## .htaccess
Quick and Easy/Dirty
First off; the source: User Auth tutorial (untitled) (note: this website seems to be defunct as of April 2005)
The directory index, (note: now also seems to be defunct April 2005) contains other readme's and documentation about user management and user files and such. But to serve my purposes; mainly to remind myself how to simply use .htaccess files for restricting http access to certain files, and to perhaps server as a guide to others.
There are really only a few steps. Go to the directory that you want to restrict, and create a file named .htaccess (...) In the file, something like this, depending on what you want to restrict, should appear.
AuthUserFile /FULL_AUTHDIR_PATH/.htpasswd
AuthGroupFile /dev/null
AuthName DOMAIN_NAME
AuthType Basic
<Limit GET>
require user USERNAME
</Limit>
You can limit other things (besides just GET) as well, such as POST or PUT. Let me quickly explain all of the parts of the file. The first line is the address (full, from the root.. no relative addressing and NO ~ for home; ~USERNAME should still work, though) of the .htpasswd file which I'll explain how to create in a second. For security purposes, you should have the .htpasswd file in a different directory from your .htaccess file. What these purposes are, I am not yet sure of.. but you should.
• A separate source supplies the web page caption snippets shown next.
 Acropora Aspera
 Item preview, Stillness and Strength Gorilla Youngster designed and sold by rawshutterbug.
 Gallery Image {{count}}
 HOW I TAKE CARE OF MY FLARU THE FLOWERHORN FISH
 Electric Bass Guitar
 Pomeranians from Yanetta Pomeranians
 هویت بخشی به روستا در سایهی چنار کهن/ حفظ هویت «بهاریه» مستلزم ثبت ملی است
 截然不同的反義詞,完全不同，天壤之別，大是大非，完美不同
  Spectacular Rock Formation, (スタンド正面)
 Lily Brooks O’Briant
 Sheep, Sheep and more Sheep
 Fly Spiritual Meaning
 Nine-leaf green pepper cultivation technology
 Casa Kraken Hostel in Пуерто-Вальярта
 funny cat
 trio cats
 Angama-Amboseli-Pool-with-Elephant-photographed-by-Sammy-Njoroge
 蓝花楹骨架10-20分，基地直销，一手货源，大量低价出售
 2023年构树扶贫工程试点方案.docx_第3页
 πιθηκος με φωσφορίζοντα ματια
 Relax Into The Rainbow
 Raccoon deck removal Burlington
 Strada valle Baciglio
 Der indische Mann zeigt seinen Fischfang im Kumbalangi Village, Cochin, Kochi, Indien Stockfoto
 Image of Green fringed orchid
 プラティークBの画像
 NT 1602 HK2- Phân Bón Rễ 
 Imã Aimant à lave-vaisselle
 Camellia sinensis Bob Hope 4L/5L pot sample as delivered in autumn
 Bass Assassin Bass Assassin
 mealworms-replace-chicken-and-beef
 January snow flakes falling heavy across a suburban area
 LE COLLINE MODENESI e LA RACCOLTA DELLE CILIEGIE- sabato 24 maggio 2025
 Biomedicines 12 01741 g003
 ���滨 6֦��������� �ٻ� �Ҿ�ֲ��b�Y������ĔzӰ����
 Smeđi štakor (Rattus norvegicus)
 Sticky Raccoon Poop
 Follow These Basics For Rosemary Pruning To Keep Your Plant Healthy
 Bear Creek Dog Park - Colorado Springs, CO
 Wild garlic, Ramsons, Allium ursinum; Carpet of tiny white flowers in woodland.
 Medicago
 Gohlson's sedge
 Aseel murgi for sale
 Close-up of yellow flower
In any case, to create the .htpasswd file (which will be "encrypted"), issue the following command.
> htpasswd -c AUTHDIR/.htpasswd USERNAME
> enter password:
> reenter password:
It'l be something like that; after you've done that, the user "USERNAME" should be able to log in with whichever password you specified on the command line. Cat the .htpasswd file if you'd like to get a "warm feeling of self-satisfaction" as described on sunvan.net. If you're like me; you'll extend a silent "neat" to the encryption and be on your merry way.
To give access to multiple users, do not use the -c (create) flag for htpasswd when entering passwords in the password file; create a group file (previously just /dev/null... now ".htgroup"). The format for the group file is as follows:
valid_users: pete tom andrew biznatch
Now go back to your .htaccess file, and change the AuthGroupFile var to be the full path of the .htgroup file you just created, and within the limit tag change "require user USERNAME" to "require group valid_users". It will work, trust me.
Anyway, since that's all I need to know, that's all you're going to find out from me. Follow the link or snoop around on apache's site for some more info on how it parses them and information on hierarchy and inheritance.